S'agissant du désarmement, M. Richard Banégas a considéré que l'intégration des forces nouvelles dans l'armée régulière devrait pouvoir être réalisée, mais que le devenir de toute une série de forces supplétives restait problématique. Il a observé que la société ivoirienne était marquée par une militarisation faisant coexister un ensemble complexe de forces supplétives, des milices villageoises d'autodéfense, des milices urbaines et des groupes de jeunes patriotes. Cet ensemble d'acteurs témoigne d'un fait sociologique majeur, celui de l'affirmation de la jeunesse dans l'espace public, dans et par la violence. Il a indiqué que les milices auxquelles le gouvernement avait fait appel pour arrêter la rébellion dans l'ouest du pays étaient assez bien identifiées, mais qu'elles coexistaient avec une nébuleuse de groupes d'autodéfense constitués sur le modèle des « jeunes patriotes » d'Abidjan. Dans la perspective du désarmement, les membres de ces groupes revendiquent la qualité d'ancien combattant et l'on observe un processus d'intégration de ces milices dans les corps constitués et la délivrance de cartes d'identification. En outre, ces milices rurales se sont vu reconnaître des fonctions sociales politiques et économiques. Elles ont conduit des opérations d'expropriation et, dans la perspective des élections, procèdent à une forme d'épuration partisane employant des stratégies de terreur.

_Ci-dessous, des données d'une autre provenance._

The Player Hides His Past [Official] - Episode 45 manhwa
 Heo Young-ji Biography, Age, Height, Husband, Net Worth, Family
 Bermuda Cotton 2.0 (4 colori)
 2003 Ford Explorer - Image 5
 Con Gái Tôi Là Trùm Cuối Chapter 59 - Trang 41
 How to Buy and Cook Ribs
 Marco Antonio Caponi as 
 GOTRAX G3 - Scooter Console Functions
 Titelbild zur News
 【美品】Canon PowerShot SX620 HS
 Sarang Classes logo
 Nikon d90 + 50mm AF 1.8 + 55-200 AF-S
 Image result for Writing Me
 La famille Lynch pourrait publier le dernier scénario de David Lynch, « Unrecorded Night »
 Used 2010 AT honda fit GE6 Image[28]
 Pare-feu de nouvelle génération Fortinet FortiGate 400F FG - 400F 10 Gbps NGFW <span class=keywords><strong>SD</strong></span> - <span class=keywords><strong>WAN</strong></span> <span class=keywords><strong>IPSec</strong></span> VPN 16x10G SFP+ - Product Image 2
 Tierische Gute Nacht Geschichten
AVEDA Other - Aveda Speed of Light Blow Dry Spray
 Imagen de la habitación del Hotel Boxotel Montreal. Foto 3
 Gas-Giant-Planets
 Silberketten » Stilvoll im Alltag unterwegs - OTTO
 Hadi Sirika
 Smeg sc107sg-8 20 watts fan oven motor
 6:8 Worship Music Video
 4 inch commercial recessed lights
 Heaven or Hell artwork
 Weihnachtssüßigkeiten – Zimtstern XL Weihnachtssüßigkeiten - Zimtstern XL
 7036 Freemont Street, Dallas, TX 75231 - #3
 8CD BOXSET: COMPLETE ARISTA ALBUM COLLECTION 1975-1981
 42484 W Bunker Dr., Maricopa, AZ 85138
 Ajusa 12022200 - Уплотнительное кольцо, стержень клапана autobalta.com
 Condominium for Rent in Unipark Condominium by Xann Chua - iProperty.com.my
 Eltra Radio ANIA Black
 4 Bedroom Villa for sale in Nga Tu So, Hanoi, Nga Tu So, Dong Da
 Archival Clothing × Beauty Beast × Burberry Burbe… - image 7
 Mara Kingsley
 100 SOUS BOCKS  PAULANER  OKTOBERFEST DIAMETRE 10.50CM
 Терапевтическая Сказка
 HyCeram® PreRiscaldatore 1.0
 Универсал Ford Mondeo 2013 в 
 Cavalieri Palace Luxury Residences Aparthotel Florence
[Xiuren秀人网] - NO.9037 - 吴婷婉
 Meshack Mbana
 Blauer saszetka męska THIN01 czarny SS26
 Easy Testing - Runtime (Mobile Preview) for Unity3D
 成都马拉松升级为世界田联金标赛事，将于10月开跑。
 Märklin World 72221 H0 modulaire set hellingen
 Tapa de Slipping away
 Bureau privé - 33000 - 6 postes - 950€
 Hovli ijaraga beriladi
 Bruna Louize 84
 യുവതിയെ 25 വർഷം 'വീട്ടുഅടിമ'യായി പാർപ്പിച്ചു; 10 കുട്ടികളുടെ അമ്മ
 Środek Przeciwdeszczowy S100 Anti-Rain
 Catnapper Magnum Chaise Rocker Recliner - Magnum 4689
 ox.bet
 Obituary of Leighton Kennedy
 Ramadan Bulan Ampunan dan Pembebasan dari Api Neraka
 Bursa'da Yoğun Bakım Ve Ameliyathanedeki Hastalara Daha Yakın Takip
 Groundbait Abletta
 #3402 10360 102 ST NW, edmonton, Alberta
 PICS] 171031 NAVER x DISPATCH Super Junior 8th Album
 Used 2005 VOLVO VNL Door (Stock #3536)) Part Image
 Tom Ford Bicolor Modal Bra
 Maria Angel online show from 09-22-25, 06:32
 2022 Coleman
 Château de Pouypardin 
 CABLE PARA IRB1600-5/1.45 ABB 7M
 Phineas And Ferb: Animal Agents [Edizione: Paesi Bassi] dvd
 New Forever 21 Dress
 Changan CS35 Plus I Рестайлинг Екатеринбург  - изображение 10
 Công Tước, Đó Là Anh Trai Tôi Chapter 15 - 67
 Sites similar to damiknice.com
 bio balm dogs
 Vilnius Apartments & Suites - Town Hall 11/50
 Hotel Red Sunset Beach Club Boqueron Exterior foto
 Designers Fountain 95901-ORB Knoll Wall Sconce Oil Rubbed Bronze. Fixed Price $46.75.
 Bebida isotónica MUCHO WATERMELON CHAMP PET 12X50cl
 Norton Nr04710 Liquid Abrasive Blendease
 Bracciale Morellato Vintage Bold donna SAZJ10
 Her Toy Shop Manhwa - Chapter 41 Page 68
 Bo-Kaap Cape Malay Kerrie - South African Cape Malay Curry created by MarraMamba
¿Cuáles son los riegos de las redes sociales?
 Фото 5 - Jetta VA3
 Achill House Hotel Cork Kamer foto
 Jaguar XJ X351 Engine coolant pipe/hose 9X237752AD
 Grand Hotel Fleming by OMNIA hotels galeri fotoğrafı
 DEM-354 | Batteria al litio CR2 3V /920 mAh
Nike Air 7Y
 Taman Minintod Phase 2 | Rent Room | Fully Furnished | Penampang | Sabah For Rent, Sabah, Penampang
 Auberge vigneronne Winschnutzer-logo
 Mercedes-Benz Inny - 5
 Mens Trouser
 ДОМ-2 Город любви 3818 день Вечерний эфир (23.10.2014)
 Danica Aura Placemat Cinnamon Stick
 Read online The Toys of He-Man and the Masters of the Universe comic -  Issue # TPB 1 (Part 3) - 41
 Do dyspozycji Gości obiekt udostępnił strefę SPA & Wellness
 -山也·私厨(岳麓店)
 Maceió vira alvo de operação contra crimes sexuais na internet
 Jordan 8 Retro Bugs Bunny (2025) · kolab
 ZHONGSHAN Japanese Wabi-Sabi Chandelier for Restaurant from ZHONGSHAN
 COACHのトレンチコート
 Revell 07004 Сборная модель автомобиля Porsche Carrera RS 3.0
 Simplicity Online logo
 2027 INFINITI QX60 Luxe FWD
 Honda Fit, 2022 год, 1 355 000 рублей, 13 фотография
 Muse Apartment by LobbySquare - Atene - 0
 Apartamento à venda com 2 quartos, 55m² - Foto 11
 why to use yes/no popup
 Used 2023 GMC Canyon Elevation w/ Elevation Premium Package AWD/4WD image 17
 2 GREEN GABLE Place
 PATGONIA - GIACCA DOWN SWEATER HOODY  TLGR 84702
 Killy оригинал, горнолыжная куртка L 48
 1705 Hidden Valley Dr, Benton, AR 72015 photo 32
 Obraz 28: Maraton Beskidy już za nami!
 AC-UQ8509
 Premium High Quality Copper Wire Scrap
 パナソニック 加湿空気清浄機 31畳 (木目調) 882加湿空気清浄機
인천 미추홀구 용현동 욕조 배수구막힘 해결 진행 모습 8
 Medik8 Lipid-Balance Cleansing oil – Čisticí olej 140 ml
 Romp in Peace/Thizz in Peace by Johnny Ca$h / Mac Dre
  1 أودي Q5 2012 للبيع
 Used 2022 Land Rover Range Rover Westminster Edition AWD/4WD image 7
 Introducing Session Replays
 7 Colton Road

Dans les zones urbaines, les groupes de patriotes pour la paix (GPP) sont le principal corps armé à Abidjan et restent actifs en dépit des démantèlements successifs en constituant des réseaux fragmentés mais toujours opérationnels. Aux côtés des GPP, le mouvement des « jeunes patriotes » suit désormais, suivant la consigne du pouvoir, une ligne politique assez modérée. M. Richard Banégas a souligné que la capacité de mobilisation de ces groupes restait forte et qu'en cas de blocage politique, ou de différend sur la mise en oeuvre des accords de Ouagadougou, il était à craindre que les arbitrages ne se fassent dans la rue. Il a observé que ces structures avaient montré leurs capacités à quadriller le territoire et à se structurer en de multiples forums, appelés « parlement ou agora » à l'exemple de « la Sorbonne du plateau ». Ces réseaux sont souples et efficaces comme en témoignent leurs capacités à monter très rapidement des barrages en ville.

a indiqué que l'opposition avait également pris conscience de la nécessité de pouvoir mobiliser la rue. En juillet 2006, les « jeunes patriotes » ont été mis en déroute pour la première fois sur ce terrain. La mobilisation informelle de l'opposition s'effectue via la fédération des « grins » qui sont historiquement des lieux de sociabilité, mais où l'on observe une politisation croissante.